Menurut Anis, periode 1966–1998 di bawah kepemimpinan Soeharto sarat dengan peristiwa yang berkategori sebagai pelanggaran HAM berat. Contohnya seperti peristiwa 1965/1966, penembakan misterius, Talangsari, Tanjung Priok, serta DOM Aceh. Berdasarkan penyelidikan Komnas HAM, seluruh peristiwa tersebut memenuhi unsur pelanggaran HAM berat. Hal ini sesuai UU Nomor 26 Tahun 2000 tentang Pengadilan HAM.
“Penetapan ini tidak hanya mencederai cita-cita Reformasi 1998 yang mengamanatkan pemerintahan yang bersih dari korupsi, kolusi, dan nepotisme. Penetapan sebagai pahlawan nasional mencederai fakta sejarah dari berbagai peristiwa pelanggaran HAM berat yang terjadi masa pemerintahan Soeharto 1966–1998,” ujar Anis dalam pernyataannya, Kamis (11/11/2025).
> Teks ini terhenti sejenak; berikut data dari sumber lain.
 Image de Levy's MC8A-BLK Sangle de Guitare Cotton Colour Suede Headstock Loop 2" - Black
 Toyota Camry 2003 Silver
Anis menilai keputusan tersebut juga berpotensi melukai korban dan keluarganya yang hingga kini masih menuntut keadilan. Ia menegaskan, gelar pahlawan nasional tidak dapat dijadikan alasan untuk menghapus tanggung jawab atas pelanggaran HAM di masa lalu.
Sebagai contoh, Anis menyebut kerusuhan 13–15 Mei 1998 yang termasuk kejahatan terhadap kemanusiaan sebagaimana tercantum dalam Pasal 9 UU Nomor 26 Tahun 2000, meliputi pembunuhan, penyiksaan, perkosaan, perampasan kemerdekaan, dan persekusi.
“Pemerintah harus berhati-hati dalam memberikan gelar kehormatan, sebab gelar pahlawan seharusnya menjadi teladan bagi generasi bangsa dalam menjunjung nilai keadilan dan juga kemanusiaan,” tegasnya. (Red).